For centuries, usually through the quiet response of an altar server or through the sung response of a choir, the worshippers at a Catholic Mass affirmed the Eucharistic work of the celebrant through the “Great Amen” uttered at the conclusion of the canon of the Mass. Thus the people acknowledged in their hearts and asserted with their lips that the saving sacrifice of Jesus Christ had been renewed on the altar of their parish church. “Yes! So be it! I agree! Amen!,” announced the Catholic laity, rejoicing that, once again, the death of Christ had been proclaimed, in fact, renewed, until he should come.

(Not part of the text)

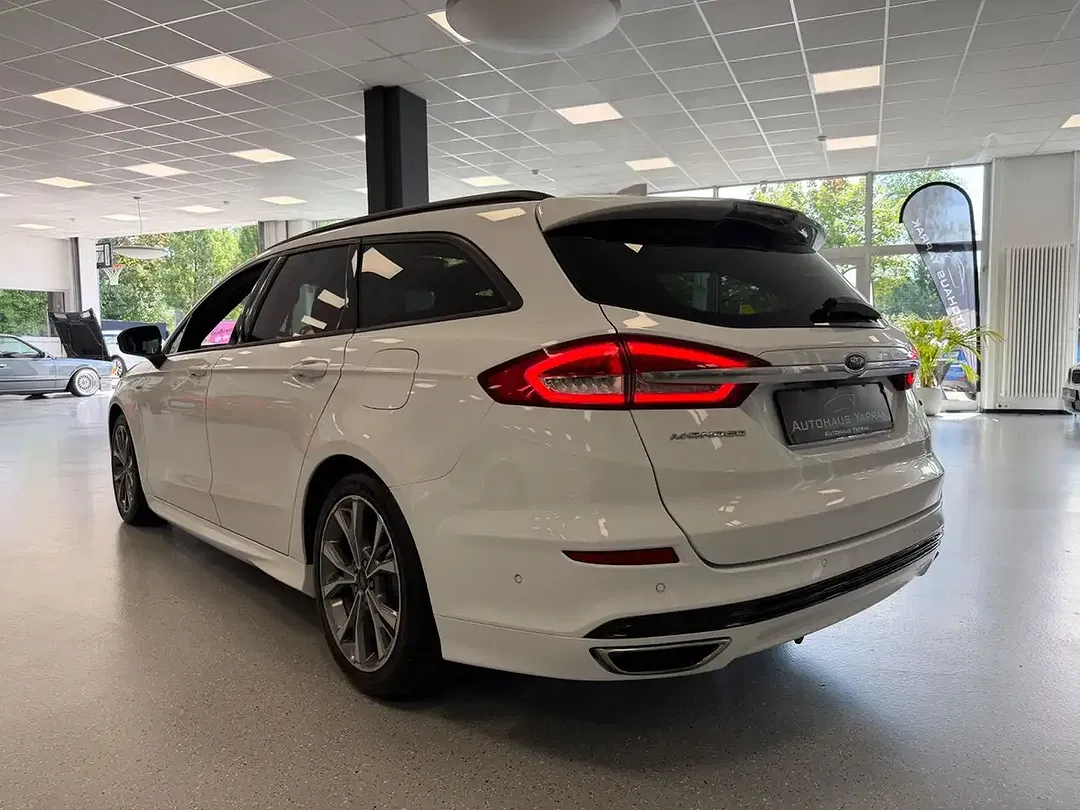 Ford Mondeo 2.0 Hybrid ST-Line - foto 14
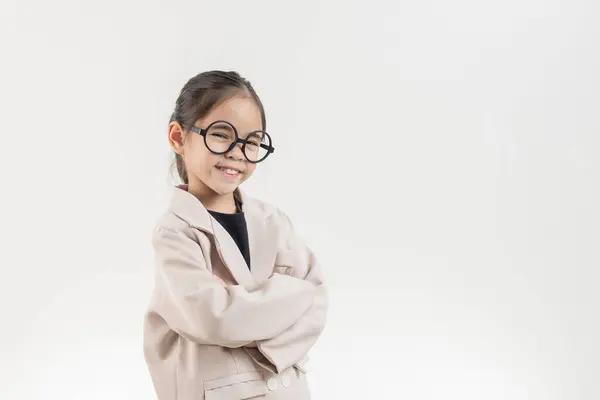 Μικρή Επιχειρηματίας Κυρία Ασία Χαριτωμένο Κοριτσάκι Γυαλιά Και Φορμαρίσματα Στέκεται — Φωτογραφία Αρχείου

One of the significant liturgical changes resulting after the Second Vatican Council was to amplify the voices of the Catholic laity by inviting all those assembled to reaffirm the consecrating words of the priest through a brief but intensive response of their own. Raising the Body of Christ and the Precious Blood briefly, inviting the adoration of all present, the celebrant then places the Sacred Body and Blood on the altar and announces to the community: “The mystery of faith!” This terse phrase had previously been included in the actual words of consecrating the Precious Blood. Now they form an acclamation celebrating the fullness of the Eucharistic sacrifice. Both the Body “given” and the Blood “poured out” constitute an essential Christian value, a most central aspect of Church belief, indeed a quintessential mystery of the Catholic faith. The newer Memorial Acclamation along with the traditional Great Amen allows the congregation to acknowledge their baptismal dignity as a priestly people who actively and appropriately share in the Church’s solemn worship.
The poetic words of St. Thomas Aquinas, read this coming Sunday in the sequence before the Gospel, speak of the importance of proudly recalling the sacramental mystery: “What he did at supper seated, Christ ordained to be repeated, His memorial ne’er to cease.” As Jesus himself said at the Last Supper, “Do this in remembrance of me.” The current liturgy offers a choice of three memorial proclamations, spoken or sung by the faithful, which constitute variations on a theme closely associated with the words of St. Paul written to the Corinthians: “For as often as you eat this bread and drink the cup, you proclaim the death of the Lord until he comes.” The mystery, of course, is that the consecrated bread and the consecrated cup on the world’s Catholic altars actually renew and make present for every generation of believers the death and resurrection of Christ with all the atoning and redeeming power that was originally present on Calvary and on Easter morning. The mystery of faith announced and effected at Mass is clearly the whole Paschal Mystery, the mystery of Christ’s passion, death, resurrection and ascension which abolished every sin since Eden and unlocked the gates of heaven for all mankind.
The three options are, of course, familiar to any church-goer: A — ‘We proclaim your Death, O Lord, and profess your Resurrection until you come again.’ B — ‘When we eat this Bread and drink this Cup, we proclaim your death, O Lord, until you come again.’ C — ‘Save us, Savior of the world, for by your Cross and Resurrection you have set us free.’ Although two of the acclamations expressly mention Christ’s death and resurrection and one mentions only his death, certainly the whole Paschal Mystery — Good Friday through Ascension Thursday — is intended. Worshippers are invited not only to appreciate what Christ did for mankind in the past — his saving death and resurrection — but also to anticipate what Christ will do for those same believers in the future, finally welcoming them into the glory of heaven to enjoy with him the Father’s presence. Saluting the breadth of the Paschal Mystery in this coming Sunday’s Gospel account, St. John very powerfully makes this important connection between the Eucharist and the life to come: “Whoever eats my flesh and drinks my blood has life eternal, and I will raise him on the last day.” All of redemptive history, the past and the future, are celebrated through these three liturgical acclamations.
The Mystery of Faith, vocally proclaimed by a grateful assembly at every Mass, commemorates and recommends the wide panorama of Christian realities. The obedience of Christ facing death, the agony of Christ experiencing the cross, the joy of Christ’s resurrection to earthly life and the glory of Christ’s return to share the Father’s heavenly life, all of these events are enshrined for the ages in the sacramental ritual of Christ’s Body and Blood — the Holy Sacrifice of the Mass.